D3, D5 are to ensure that MCU absolute maximum requirement for digital input of VCC+0.2V is not exceeded. This was for 5v AC-DC modules, so read a proper voltage divider here..

R2, R3 placed near input pins is to make sure there would be no 50hz noise (somehow I was reading up to 2VAC measured with 10MOhm DMM unless I loaded it with a simple 1.5mA LED).

Answer 1

^{simulate this circuit – Schematic created using CircuitLab}

This solution requires two mains voltage relays, one with at least two contacts NO contacts and one with two NO and one NC contact.

How it works:

1. With SW1 and SW2 off LED PSU has no power.
2. With SW1 on RLY1 is energised and power is passed to LED PSU.
3. When SW2 is on RLY2 is energised and power is passed to LED PSU. At the same time RLY2b is energised disconnecting the supply from RLY1 and preventing a backfeed from holding on RLY1 if SW1 is switched off.
4. The tricky part is ensuring that going from both on to only one on always unlatches the other relay. We've already seen in 3 above that switching off SW1 will work because RLY2b has broken the backfeed. If instead we switch off SW2 then RLY2 will drop out and RLY2a NO contact will open before RLY2b's NC contact will close. RLY1 will then supply power to LED PSU. Note that there will be a very brief interruption in power but the LED PSU's internal capacitance should bridge that without noticeable flicker.
5. RLY1c and RLY2c contacts can be fed to your logic controller to determine the four switch combinations.

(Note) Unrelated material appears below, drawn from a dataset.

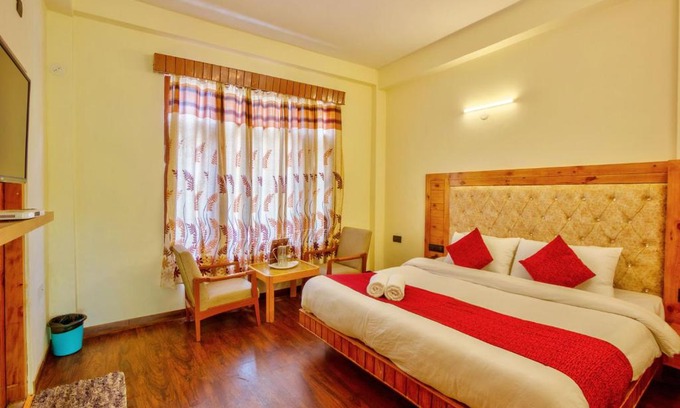 New Manali Hotel | ROYAL HILL MANALI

You need to be very choosy about the relay as you require guaranteed isolation between the mains contacts and the low-voltage control circuits.

Answer 2

^{simulate this circuit – Schematic created using CircuitLab}

Figure 1. An unusual approach.

I offer this solution more as a puzzle answer than as a solution that I would recommend. How it works:

• Almost certainly the 48 V supply you are using for your LEDs is an SMPS (switched-mode power supply) has a full-wave rectifier on the input so it can be run on full-wave rectified mains. While the current through the internal bridge will be the same only two of the four diodes will be employed so there is a risk that they may be stressed.
• Zero-cross detection circuits provide a simple and opto-isolated means of monitoring the switches' on/off status. You're not interested in the zero-cross but rather that the mains turns on. There are plenty of examples on this and other sites but bear in mind that a peak detector will suffice for you so you may be able to design for minimum power dissipation in the zero-cross circuits.
• BR1 and BR2 rectify the AC coming from SW1 and SW2 and prevent backfeed from one circuit to the other.

It gets around the relay back-feed problems and avoids current-sensing solutions which might not work if the current isn't shared equally when SW1 and SW2 are both on.

Answer 3

gangable douple pole double throw 230V switches are available such as Clipsal 30MD2 this greatly simplifies the signalling.

^{simulate this circuit – Schematic created using CircuitLab}

here X2 gets the power to run the lamps and X1 carries the signal - either open-circuit (SW1 only) with resistance (SW2 only) or with no resistance (both)

the resistor could be instead a diode or a capacitor whatever simplifies the analogue end most.

assuming 10V signalling the other end of the wire could something like:

^{simulate this circuit}

I'm running the 10V signalling at mains potential as the signalling is galvanically isolated from ground and from the mains will be fine, but all the resistors used will need to be treated as live and need good insulation.